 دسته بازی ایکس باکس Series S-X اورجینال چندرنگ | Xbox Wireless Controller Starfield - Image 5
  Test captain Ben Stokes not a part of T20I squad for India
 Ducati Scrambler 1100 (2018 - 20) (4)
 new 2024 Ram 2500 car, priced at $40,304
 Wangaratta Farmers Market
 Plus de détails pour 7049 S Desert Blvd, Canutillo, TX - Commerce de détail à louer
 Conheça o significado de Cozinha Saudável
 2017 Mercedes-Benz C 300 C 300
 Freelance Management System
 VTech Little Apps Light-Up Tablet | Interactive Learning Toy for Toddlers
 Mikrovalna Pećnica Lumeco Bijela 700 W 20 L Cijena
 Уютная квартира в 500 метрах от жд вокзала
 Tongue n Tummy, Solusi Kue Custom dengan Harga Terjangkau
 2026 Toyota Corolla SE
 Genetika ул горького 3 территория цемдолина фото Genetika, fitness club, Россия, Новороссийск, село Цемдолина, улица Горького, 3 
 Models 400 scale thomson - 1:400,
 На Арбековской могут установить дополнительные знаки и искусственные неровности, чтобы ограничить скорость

■ Task goal
Every record in the material above should be set down exactly.

■ Problem solution
 دسته بازی ایکس باکس Series S-X اورجینال چندرنگ | Xbox Wireless Controller Starfield - Image 5
  Test captain Ben Stokes not a part of T20I squad for India
 Ducati Scrambler 1100 (2018 - 20) (4)
 new 2024 Ram 2500 car, priced at $40,304
 Wangaratta Farmers Market
 Plus de détails pour 7049 S Desert Blvd, Canutillo, TX - Commerce de détail à louer
 Conheça o significado de Cozinha Saudável
 2017 Mercedes-Benz C 300 C 300
 Freelance Management System
 VTech Little Apps Light-Up Tablet | Interactive Learning Toy for Toddlers
 Mikrovalna Pećnica Lumeco Bijela 700 W 20 L Cijena
 Уютная квартира в 500 метрах от жд вокзала
 Tongue n Tummy, Solusi Kue Custom dengan Harga Terjangkau
 2026 Toyota Corolla SE
 Genetika ул горького 3 территория цемдолина фото Genetika, fitness club, Россия, Новороссийск, село Цемдолина, улица Горького, 3 
 Models 400 scale thomson - 1:400,
 На Арбековской могут установить дополнительные знаки и искусственные неровности, чтобы ограничить скорость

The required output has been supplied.